* **Directions**
Once you find the line with "電氣自動化PLC就業前景怎么樣？專科生逆襲的高新之路！" in the data below, transcribe exactly each line from there to the line with "100ltr Heavy Duty", inclusive, and nothing else. Drop the pictures.

*** Information

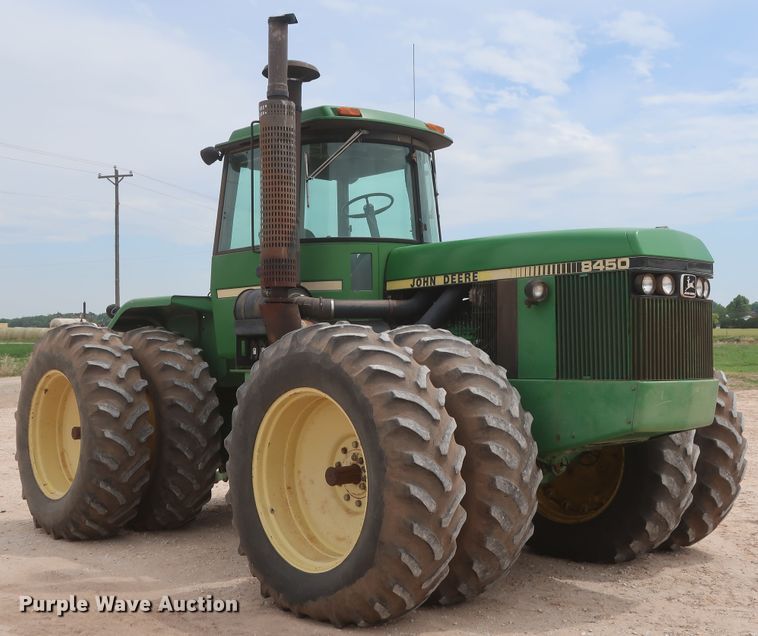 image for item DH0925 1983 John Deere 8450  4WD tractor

******
*** Information

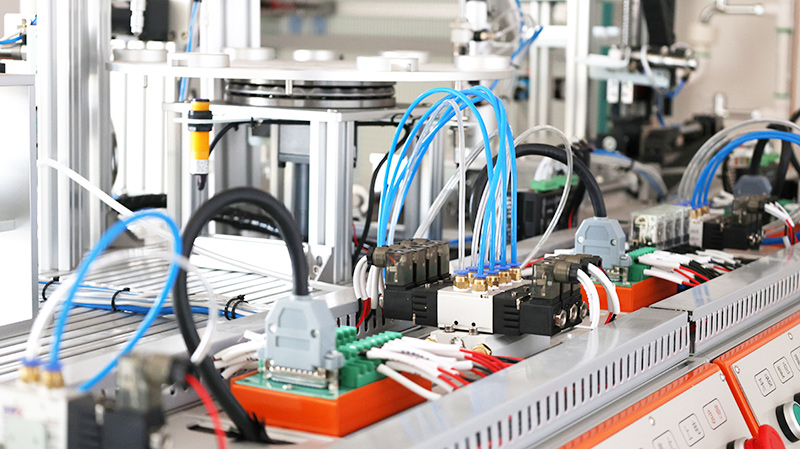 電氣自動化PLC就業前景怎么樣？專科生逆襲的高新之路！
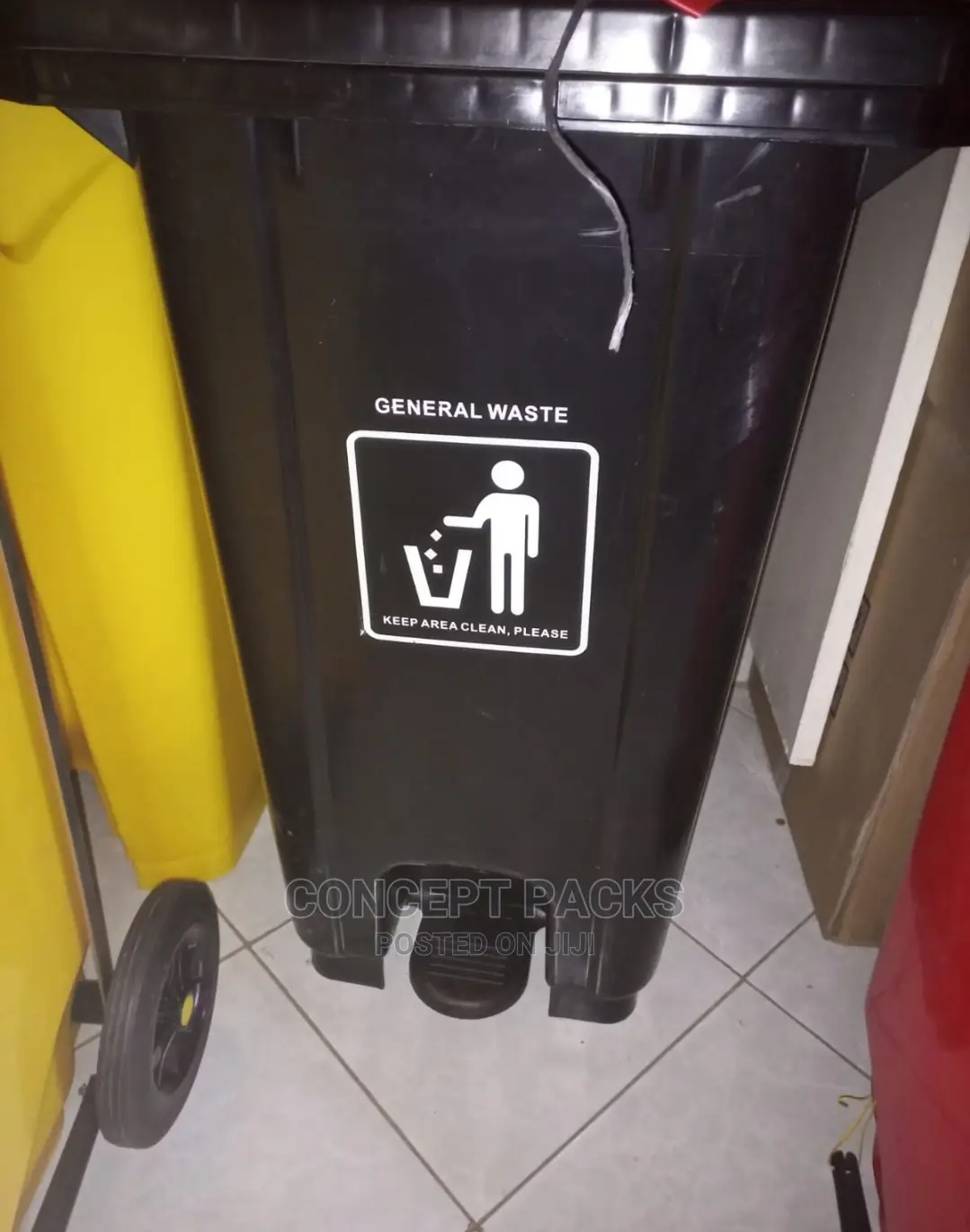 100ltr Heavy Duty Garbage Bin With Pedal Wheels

******

* **Solution to this task**
 電氣自動化PLC就業前景怎么樣？專科生逆襲的高新之路！
 100ltr Heavy Duty Garbage Bin With Pedal Wheels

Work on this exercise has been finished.